Krzysztof Król i jego koledzy do meczu w Gdańsku podeszli z pełnym respektem do rywala. - Wiedzieliśmy, że będzie to ciężki mecz. Lechia gra o utrzymanie i bardzo chciała z nami wygrać. Była groźna i strzeliła dwie bramki, a także miała swoje sytuacje. My się cieszymy z tego, że również strzeliliśmy swoje bramki. To nas motywuje, bo strzelamy na wyjeździe. To pozytywny impuls - powiedział obrońca Podbeskidzia Bielsko-Biała, które po zdobyciu trzeciego gola wyraźnie się cofnęło. - Po trzeciej bramce trener nam polecił zabezpieczenie tyłów i nie mieliśmy się nawet włączać w akcje ofensywne. Jak się prowadzi 3:2 na wyjeździe, to inna gra nie ma sensu - zauważył.
Piłkarze z południa Polski bardzo liczyli na to, że uda im się przełamać w Gdańsku. - Mieliśmy 2-3 mecze słabe i przyjechaliśmy do Gdańska po dobry rezultat. Zespół Lechii jest bardzo dobry i dziwi mnie to, że jest tak nisko w tabeli i walczy o utrzymanie. Życzę im powodzenia, bo szkoda byłoby gdyby na takim stadionie grała I liga - stwierdził Król, który na boisko wyszedł w jednej drużynie z uwielbianym przez kibiców z Gdańska Mateuszem Bąkiem. - Wiadomo, że Mateusz spędził tu wiele lat i czuje sentyment. Cieszę się, że mógł się pokazać z dobrej strony w tym spotkaniu - zakończył Król.

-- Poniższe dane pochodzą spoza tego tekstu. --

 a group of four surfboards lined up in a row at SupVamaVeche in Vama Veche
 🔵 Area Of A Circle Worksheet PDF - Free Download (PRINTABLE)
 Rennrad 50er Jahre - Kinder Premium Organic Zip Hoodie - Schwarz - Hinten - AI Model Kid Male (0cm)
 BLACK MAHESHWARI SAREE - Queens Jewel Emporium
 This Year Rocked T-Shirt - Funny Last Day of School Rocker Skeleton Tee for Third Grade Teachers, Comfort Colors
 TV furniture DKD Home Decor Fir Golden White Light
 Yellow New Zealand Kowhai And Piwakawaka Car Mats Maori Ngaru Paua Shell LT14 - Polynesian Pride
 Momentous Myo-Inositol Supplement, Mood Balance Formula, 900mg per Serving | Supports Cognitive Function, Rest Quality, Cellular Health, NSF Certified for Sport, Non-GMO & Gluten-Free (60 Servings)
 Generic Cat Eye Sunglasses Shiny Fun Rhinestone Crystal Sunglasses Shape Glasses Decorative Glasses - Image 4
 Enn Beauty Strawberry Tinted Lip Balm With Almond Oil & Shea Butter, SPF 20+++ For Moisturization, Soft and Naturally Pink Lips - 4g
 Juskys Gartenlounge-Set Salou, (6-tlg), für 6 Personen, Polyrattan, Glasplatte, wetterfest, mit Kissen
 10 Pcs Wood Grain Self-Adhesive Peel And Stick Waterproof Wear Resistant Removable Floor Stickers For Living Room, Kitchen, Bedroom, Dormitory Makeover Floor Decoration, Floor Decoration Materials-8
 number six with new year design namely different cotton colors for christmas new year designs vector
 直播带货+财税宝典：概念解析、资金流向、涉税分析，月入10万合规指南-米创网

Krzysztof Król: Trener nam polecił zabezpieczenie tyłów
Piłkarze Podbeskidzia Bielsko-Biała zwycięsko wyszli z meczu w Gdańsku. Klasę rywala docenia obrońca bielszczan, Krzysztof Król który dziwi się, że biało-zieloni zajmują tak niskie miejsce w T-Mobile Ekstraklasie.